Points of information and advice for team members:
  • Accept responsibility and ownership for your job; don’t blame others when things don’t go as expected.
  • Communicate your plans with others, don’t make surprise changes, and don’t change stuff that’s already finished. 
  • Always think about how your actions are affecting your colleagues – are you helping or just adding more work? For example, a programmer finishes a task and decides to not test it properly, because he thinks that’s a tester’s job, and then later, the tester discovers it is buggy and unfinished. This creates a snowballing effect that leads to wasted time and inefficiency, when the situation could be avoided if the programmer did his job properly to begin with.  
  • Understand that we - the whole team - are in the same boat. If it sinks, we all go down. There’s no point in avoiding responsibilities.


Some people say that Miner Wars was overly ambitious; I think this is a bad perspective through which to view any project.

I am willing to start an ambitious project, do it with constrained resources, experience discomfort, and risk failure. I know that even if I don’t succeed on the first shot, I can still learn from it, try again, and eventually succeed. As they say: “Aim for the moon. Even if you miss, you may hit a star.”

For those who believe that we falsely advertised, overpromised, or lied: I am most likely not going to change your mind. I am not worried about being hated or despised. I set myself long term goals and I deal with their consequences, both positive and negative. If criticism is the price I have to pay, I have no problem with that; criticism just strengthens me, and nothing will stop my vision.

For those who still feel that my intentions were right: I believe in my vision, and even if it’s going to take longer than I would have liked, I am absolutely certain that one day I will deliver the ultimate space sandbox.

By the way, the development and marketing costs of Miner Wars 2081 were approximately $500,000 and we sold over 50,000 copies – not that bad after all.

What's next?

After we finished Miner Wars 2081, I got back to planning the next item on our agenda. I gave it a lot of thought, considered our strengths and weaknesses, and came to the conclusion that we are going to restart the whole space building and mining idea. But first, we need to build a strong core.

I don’t want to go into much detail about our new project, especially following my previous experiences with promises and such. All I can say right now is:
  • We are focusing on hard science – every game mechanic must have a rational and valid explanation based on current scientific knowledge.  Well, some things are extrapolated, but believable.
  • Every object in this game has real mass, volume, and physical properties.
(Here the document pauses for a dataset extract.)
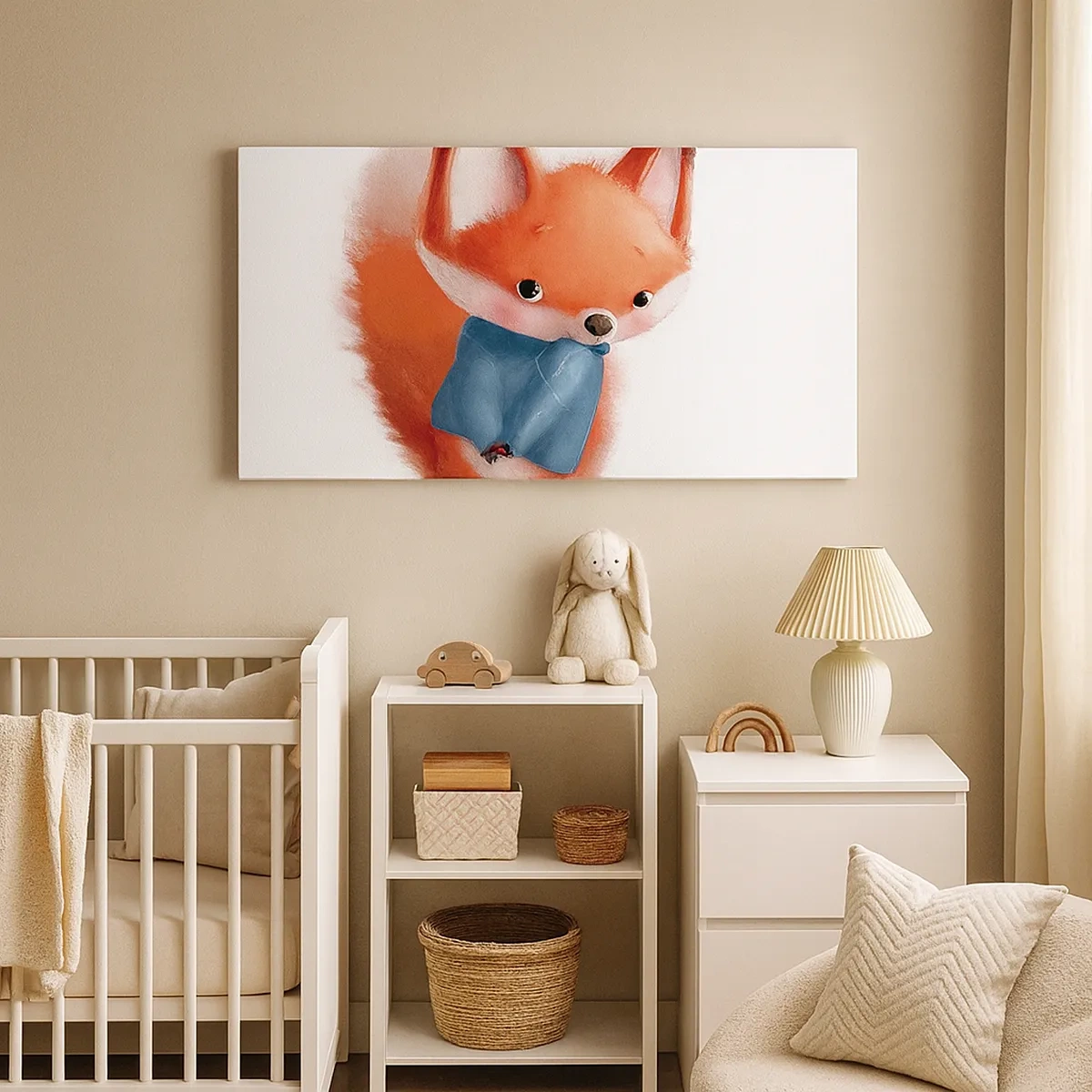 Cuadro sobre lienzo - Impresión de Imagen - ¿Me veo bien con esto? - 30x30 cm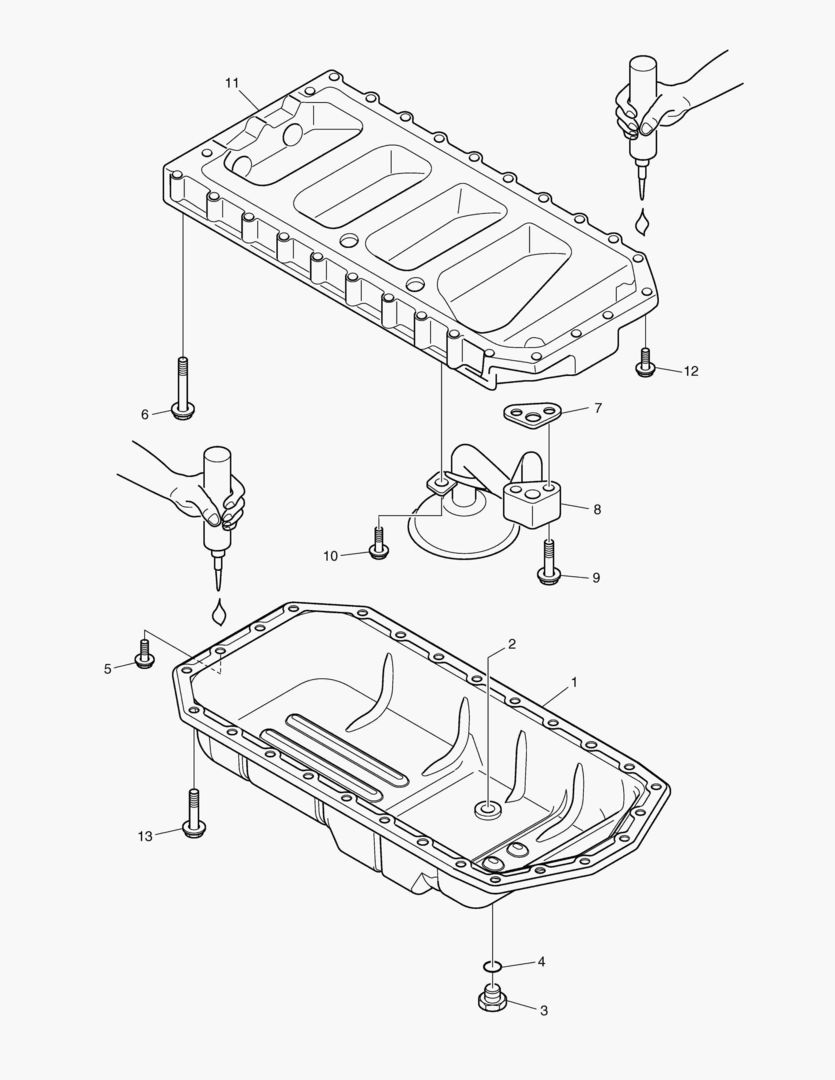 Спецтехника 014 OIL PAN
We try not to cheat the physics. 
  • Sandbox, no campaign. 
  • We will use this game to try to popularize science and space exploration
  • This game’s going to be awesome.

If you are curious about what exactly this new project is, and how it is related to Miner Wars 2081 and Miner Wars MMO, please sit tight for a couple of months.  We want to provide more information only after we get through the prototyping phase (there’s still a chance we will have to change our design due to technical constraints).

We will stay in touch and keep the community updated.